Pentagon officials have warned that future wars will be fought using unseen weapons, like electromagnetic waves that disrupt radio communications or jam global positioning systems and drones, to cripple enemy forces. These electronic warfare capabilities operate in an invisible battle space called the electromagnetic spectrum, or EMS.
The nearly two-decade American-led campaign against insurgent groups that use relatively unsophisticated weaponry has forced the United States to deprioritize investment in this realm. Defense officials eyeing Russian offensives in Ukraine and Syria are now concerned that the U.S. military has lost its edge in countering and waging electronic warfare against near-peer adversaries.
"[NATO does] not exercise to put forces into an EMS-contested battle space, the Russians do, and they feel they're making advances in this area that gives them an injection of confidence," Roger McDermott, a senior research fellow in war studies at King's College London, said Monday at the Center for Strategic and International Studies in Washington, D.C.
The Kremlin most recently demonstrated its electronic warfare capabilities earlier this month when Russian military hackers used cyberware to take out several armed drones that attacked two of its military bases in western Syria.

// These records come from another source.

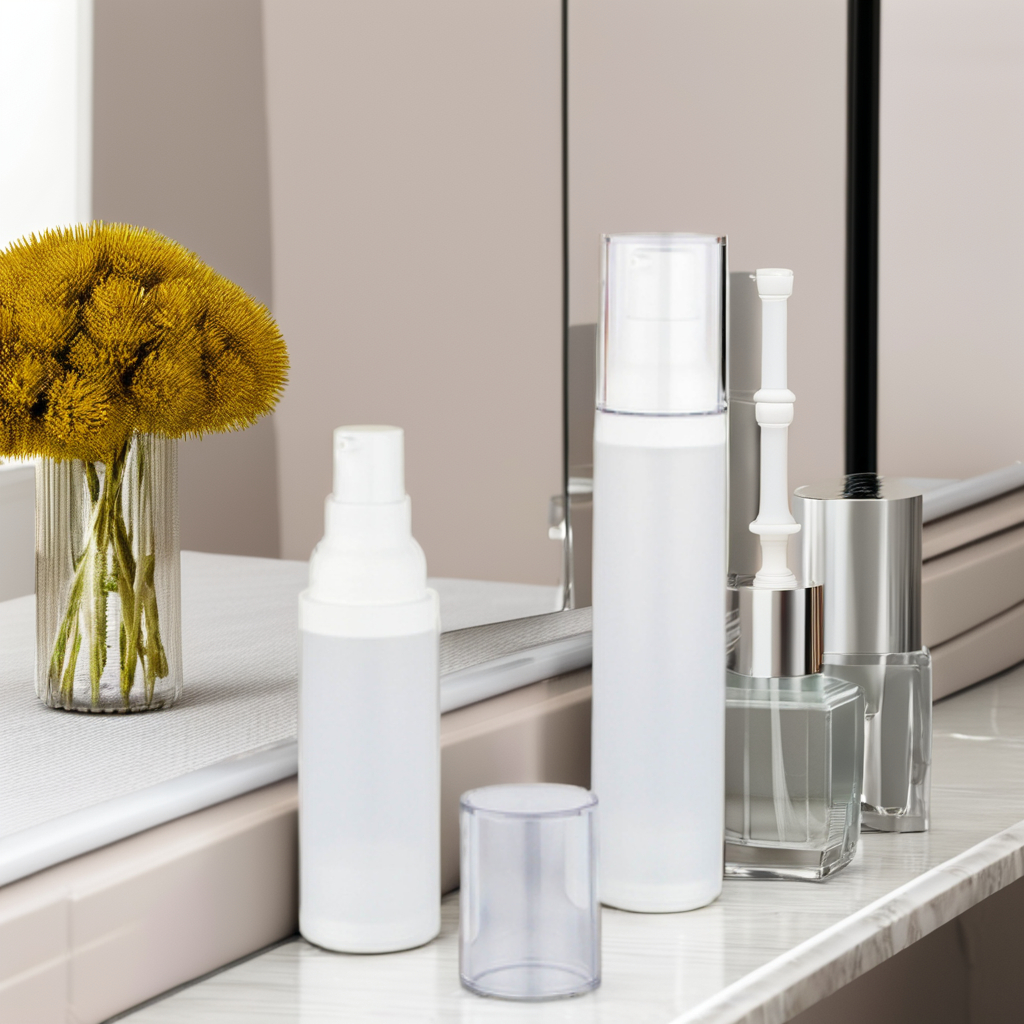Cosmetic Packaging Box 10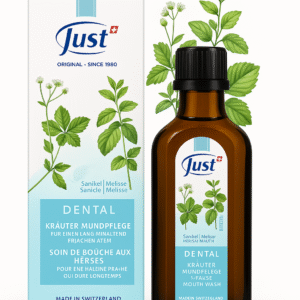 Just | Bylinná ústní voda 75ml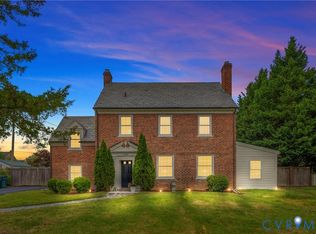 4816 Rodney Rd, Richmond, VA 23230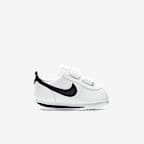 Nike Cortez Basic Baby/Toddler Shoes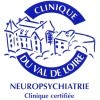 logo Clinique du Val de Loire à Beaumont la Ronce Indre-et-Loire Centre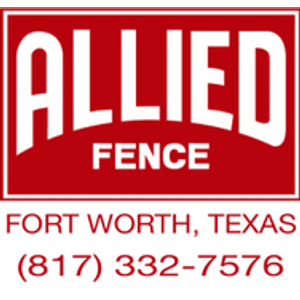 Allied Fence - Logo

In Ukraine, Russia has deployed an array of hybrid tools to deny Kiev the use of information space, including advanced jamming technologies to shutdown government communications and cyber attacks against critical infrastructure.
"The Russian military for many years has regarded the EMS as a lethal space; it's only now that we're seeing a closing of the gap between the capabilities, the procurement, and their military thinking," McDermott said. "It should be no surprise for us to come to the conclusion that the Russian general staff see the EMS as a potential Russian war fighting domain."
Michael Kofman, a senior research scientist in Russian affairs at CNA, a nonprofit research institute, said in remarks at CSIS that Moscow is training in a heavily contested EMS environment under the assumption that the United States and NATO militaries will ultimately "wake up" and bolster its electronic warfare capabilities.
In a new U.S. intelligence directorate, the Joint Chiefs of Staff warned Russia and China are developing weapons capable of "severely disrupting or destroying" all American satellites in the next several years.
The Pentagon's Defense Science Board warned in March that "advances and proliferation in advanced electronic warfare … capabilities threaten our ability to maintain information superiority."
"This reality should be considered a crisis to be dealt with immediately," the board wrote.